BRADFORD most improved city in PwC’s Good Growth for Cities Index


●        Bradford most improved city driven by jobs, skills and work life balance

●        Hull sees notable rise in jobs and income distribution

●        West Yorkshire Combined Authority scores above national average, ranking fourth overall

●        Oxford and Reading remain top of the index for the fourth year in a row,

●        Coventry saw the largest fall in index score this year, driven by poorer health, transport and income distribution

Bradford has emerged as this year’s top improver of UK cities on the Good Growth for Cities 2019 index. This improvement has been driven by jobs, skills of 25+ year olds and work-life balance. Bradford has experienced a large reduction in its unemployment rate, measured at 4.1% in 2018 compared to 10.0% in 2015. It’s also seen improvements in skills amongst the adult population, work-life balance, health and environment.

Published today (12 November 2019), the annual Good Growth for Cities 2019 sets out to show there’s more to economic well-being than just measuring GDP. The index measures the performance of 42 of the UK’s largest cities, England’s Local Enterprise Partnerships (LEPs) and ten Combined Authorities, against a basket of 10 factors which the public think are most important when it comes to economic well-being. These include jobs, health, income and skills, as well as work-life balance, house-affordability, travel-to-work times, income equality, environment and business start-ups.

For the fourth year running, Oxford and Reading remain the top-performing UK cities on PwC’s Good Growth for Cities 2019 index, followed by Southampton in third place. Although Reading has maintained its position in this year’s index, it has seen a decline in its overall index score, driven by poorer house price to earnings ratios, income inequality and a fall in new business formation.

This year’s index sees almost nine in ten cities in 2016- 2018 having scores higher than the average for all cities in our base year of 2011-2013, highlighting the rate of recovery since the financial crisis. There is strong employment growth, which reflects the continued decline in unemployment, as well as improvements in work-life balance, perhaps as a result of more flexible working patterns becoming more acceptable.

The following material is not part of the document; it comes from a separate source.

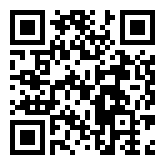 http://www.52ln.com/post/4982.html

As testament to Bradford’s transformative performance within this year’s index PwC was delighted to announce, earlier this year, the opening of its new Assurance Centre in the city. The Centre is helping PwC continue to provide quality and exceptional client service in what are changing times, standardising work in key areas of our engagements better using technology through automation.

The Centre already employs 135 members of staff with the potential to increase this number creating further job opportunities in the city over the next few years.

As a whole, cities in Yorkshire and the North East perform well on; house price to earnings, where all nine cities score above the national average. Transport; where every city, bar Sheffield, score above the national average and income distribution, where eight out of nine cities score at or above average - in particular Hull which saw a notable rise of +1.63 compared to 2015 - 2017.

West Yorkshire is the only Combined Authority in the region to score above the national average, ranking fourth overall nationally and seeing the largest increase in its absolute score. Of the five Combined Authorities in the region Tees Valley ranks bottom overall, all five score above the national average for house price to earnings. The North East and Sheffield City Region Combined Authority areas are ranked 9th and 8th of a total of 10 across the UK.

Of the six LEP’s in the region only York, North Yorkshire and East Ridings score above the national average and ranks eighth out of 38 LEP areas. The region performs well on house price to earnings and transport, where all LEP areas score above the average relative to LEP’s nationally.

Since 2015 – 2017 the Northern Powerhouse* has experienced a substantial increase in the jobs component of the index, due to an actual increase in jobs resulting in a fall in unemployment . There have also been strong improvements in work-life balance, new businesses, environment and the skills of 25+ year olds.   

Will Richardson, PwC’s Leeds Office Senior Partner commented;

“The fact that Bradford has improved so much in this year’s index is testament to the rich vein of talent and skills the city has to offer employers overlaid with the right leadership and increasingly collaborative key stakeholder group.”

“Bradford is one of the largest cities in the UK, and the youngest city, offering a large and talented workforce that has so much to offer not just Northern Powerhouse growth but the UK’s economic growth too. When I’m asked why we chose Bradford as the destination for our new Assurance Centre my immediate response is ‘why not’. Helping to support inclusive growth by investing in Bradford drives right to the heart of our PwC Purpose and Social Mobility agenda.”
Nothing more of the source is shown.